Jun 21, 2022

Last Friday, the market appeared to be rallying into a weekend forecasted for extreme temps and little moisture but fell flat on its face into the close and finished well off of its intraday highs. Trade had an extra day to evaluate their positions with the markets closed yesterday for a federal holiday. While funds and spec money wanted to chase weather headlines, we were confident that some record hot temps would do wonders for the crop and give us a great scenario to market into. Money came in to sell hard at the start of the overnight session and continued to liquidate throughout the day, gapping lower at the open. Fundamentals continue to swing more bearish. Brazil appears to be on the verge of a bumper safrihna corn crop and continues to find more soybean acres of added production for this year. Wheat led everything lower today with Russia and the U.S. finding larger yields than expected, lifting production estimates once more. Our sell order targets we had in place hit last week. Corn targets are again reset at $8 for cash and $7 for new crop. I am lowering my target for cash soybeans to $16.50 with new crop remaining at $15. Overall, the market is still very well supported but we have likely seen the highs for old crop futures. New crop values should remain relatively solid with plenty of weather ahead, yet.

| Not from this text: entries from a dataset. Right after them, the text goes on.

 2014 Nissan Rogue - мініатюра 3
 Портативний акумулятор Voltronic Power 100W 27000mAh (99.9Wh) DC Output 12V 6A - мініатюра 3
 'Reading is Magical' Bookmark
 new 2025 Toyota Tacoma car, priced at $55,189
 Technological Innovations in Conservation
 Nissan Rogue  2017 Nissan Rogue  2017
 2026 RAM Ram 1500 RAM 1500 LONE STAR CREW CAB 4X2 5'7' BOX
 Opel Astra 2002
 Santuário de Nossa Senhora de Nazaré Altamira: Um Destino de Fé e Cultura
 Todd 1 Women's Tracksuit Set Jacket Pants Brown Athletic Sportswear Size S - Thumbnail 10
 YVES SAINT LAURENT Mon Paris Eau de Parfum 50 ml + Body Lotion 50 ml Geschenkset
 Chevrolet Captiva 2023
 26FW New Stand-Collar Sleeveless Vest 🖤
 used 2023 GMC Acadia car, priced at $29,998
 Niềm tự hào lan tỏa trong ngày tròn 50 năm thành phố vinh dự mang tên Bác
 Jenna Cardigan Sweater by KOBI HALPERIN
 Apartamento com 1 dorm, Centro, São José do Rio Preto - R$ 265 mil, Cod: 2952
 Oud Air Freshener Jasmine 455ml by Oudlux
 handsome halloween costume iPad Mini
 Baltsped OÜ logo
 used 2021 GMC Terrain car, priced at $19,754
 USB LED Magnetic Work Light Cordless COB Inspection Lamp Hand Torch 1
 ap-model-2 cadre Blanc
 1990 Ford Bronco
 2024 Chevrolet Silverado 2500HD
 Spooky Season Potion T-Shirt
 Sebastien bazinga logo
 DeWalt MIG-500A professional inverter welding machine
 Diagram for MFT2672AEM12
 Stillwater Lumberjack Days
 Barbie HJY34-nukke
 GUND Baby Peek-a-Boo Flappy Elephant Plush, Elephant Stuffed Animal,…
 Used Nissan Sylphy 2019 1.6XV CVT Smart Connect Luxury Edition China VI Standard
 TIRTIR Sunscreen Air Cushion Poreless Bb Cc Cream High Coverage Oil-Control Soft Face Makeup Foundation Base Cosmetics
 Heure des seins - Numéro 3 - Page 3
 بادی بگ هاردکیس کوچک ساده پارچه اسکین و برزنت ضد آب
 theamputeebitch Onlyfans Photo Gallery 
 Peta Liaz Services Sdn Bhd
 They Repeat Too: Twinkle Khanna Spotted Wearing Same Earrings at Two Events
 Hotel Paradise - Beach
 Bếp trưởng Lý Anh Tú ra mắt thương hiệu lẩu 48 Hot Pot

Big gaps lower to start the overnight and trade never made an attempt to fill.

July and december corn gapped back under their 50-day averages and closed below their 20-day averages. 100-day averages lay below at 733’3 and 678’2 and should be a hard line of support.

August beans gapped under their 50-day average, as well, and found support at their 100-day average near 1595’0. November beans gapped under their 20-day and are flirting with trend line support and support of the 50-day average.